Working Together: Bottom Up and Top Down Forecasting
An effective S&OP program depends on solid, accurate demand forecasts. Best practice companies do three things well: statistical, top-down and bottom-up forecasting. Many companies are doing one or two of these, but few are doing all three well. Of course, some companies do none. Let’s just say these companies have a huge upside improvement potential.
A statistically generated forecast should use a “best fit” approach to select the mathematical algorithm that minimizes error (using mean absolute percentage error (MAPE)). The statistical engine should select the best algorithm for each time-phased data series or set of regression data. The resulting forecast should serve as a starting point for bottom-up and top-down forecasts.

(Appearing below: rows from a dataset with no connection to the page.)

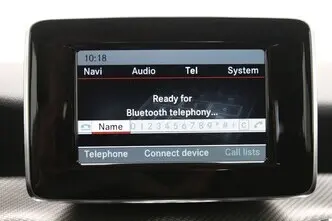 Mercedes-Benz GLA 250, 2.0, 155 kW, bensiin, automaat, nelikvedu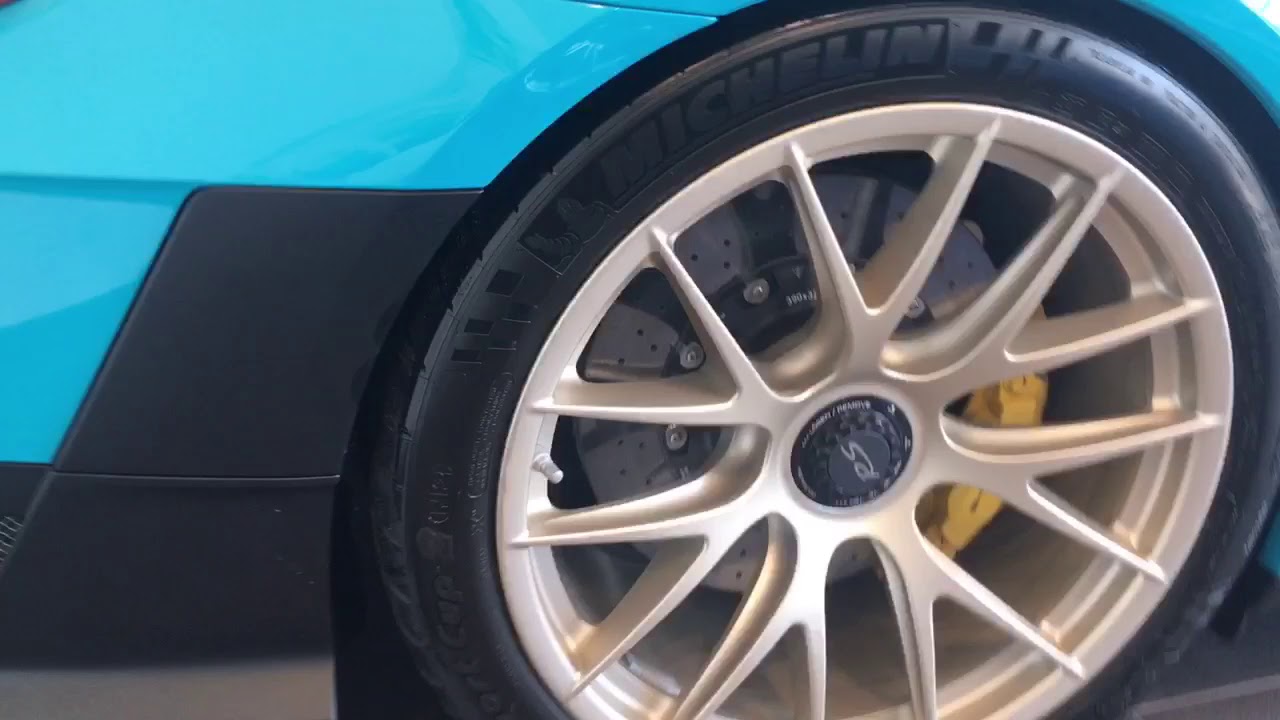 Salomandrin&rsquo;s Porsche GT2RS Revealed!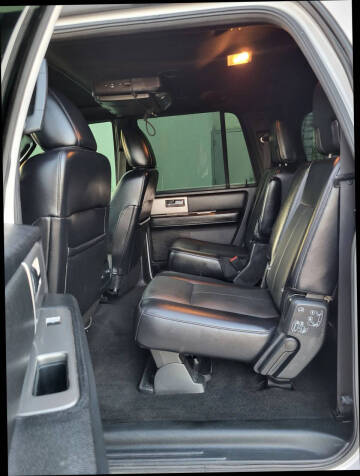 2017 Ford Expedition EL Limited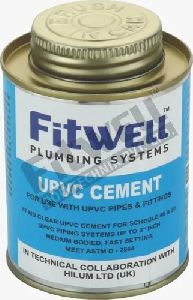 upvc solvent cement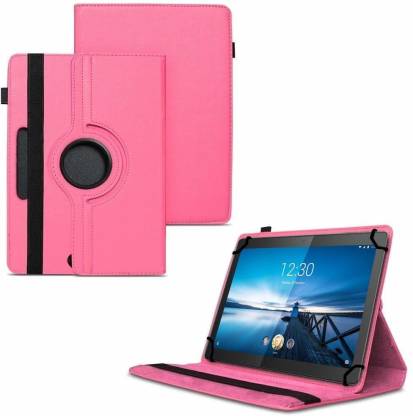 TGK Flip Cover for Lenovo Tab M10 X605l Tablet ( inch) with 360 Degree  Rotating Leather Stand Case - TGK : 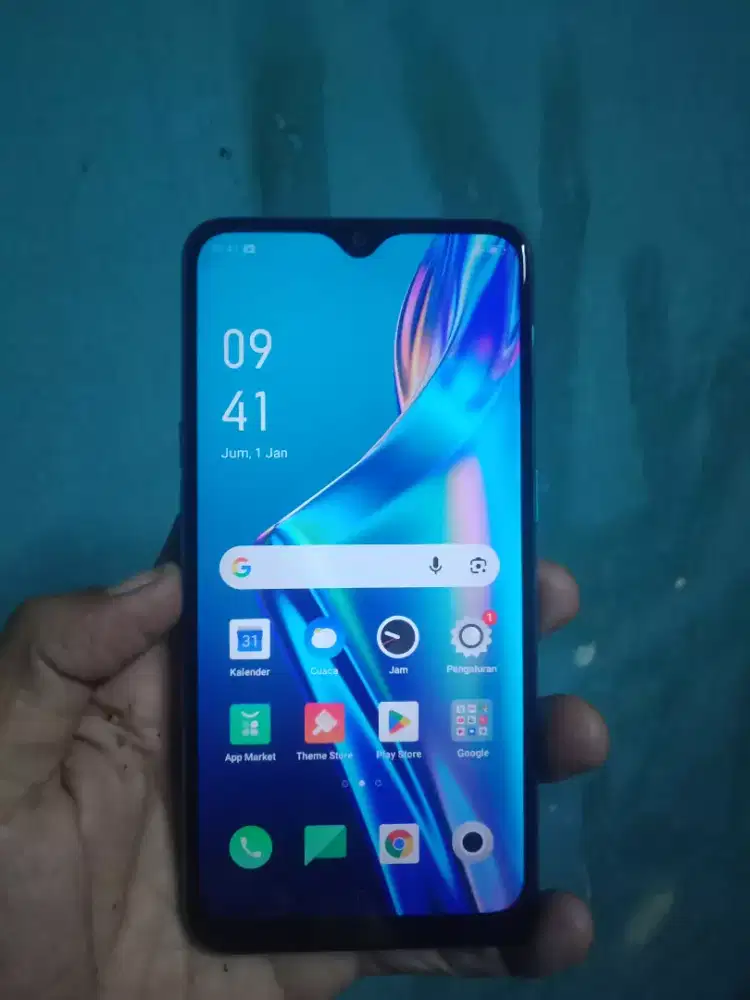 Oppo A11k 2/32 batang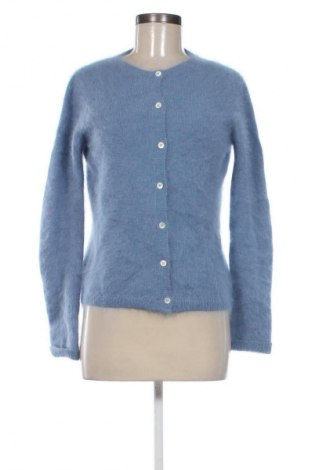 Damen Strickjacke Roberto Collina, Größe M, Farbe Blau, Preis € 74,99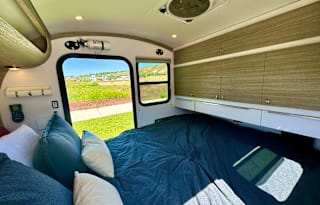 WanderLux Adventure Teardrop Trailer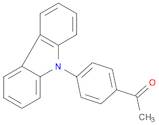 Ethanone, 1-[4-(9H-carbazol-9-yl)phenyl]-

Bottom-up forecasts are accumulated from many contributors. A distributed sales force may have hundreds or thousands of contributors. Each contributor has a specific area of expertise such as a specific customer, product or geographic area. The contributor enters her forecasts for her specific area of responsibility. Forecasts from all contributors are summed to capture an overall bottom-up forecast.
Conversely, a top-down approach applies a more centralized view. A small number of forecasters will look at various inputs and generate forecasts. Influencing factors may include market data, economic indicators, and general product and customer trends. Here, too, the statistically generated forecast is a good number from which to start.
The beauty of top-down and bottom-up forecasts is their ability to look at the world from differing vantage points. The folks in the “ivory tower” know important information, but they don’t know everything. The folks in the field have keen insights into their unique areas, but they only see their small piece. The challenge is to capture the small pieces without tainting the field forecaster’s view. In other words, don’t tell the field forecasters the top-down targets. When field forecasters are told what their forecasts are expected to be, they tend to send back values right in line with the top-down values. Such tainted bottom-up forecasts miss the point of gathering field intelligence.
An effective marriage will capture top-down and bottom-up forecasts separately. A management by exception S&OP tool will make comparisons quickly to enable users to analyze critical differences and refine the ultimate consensus driven forecast.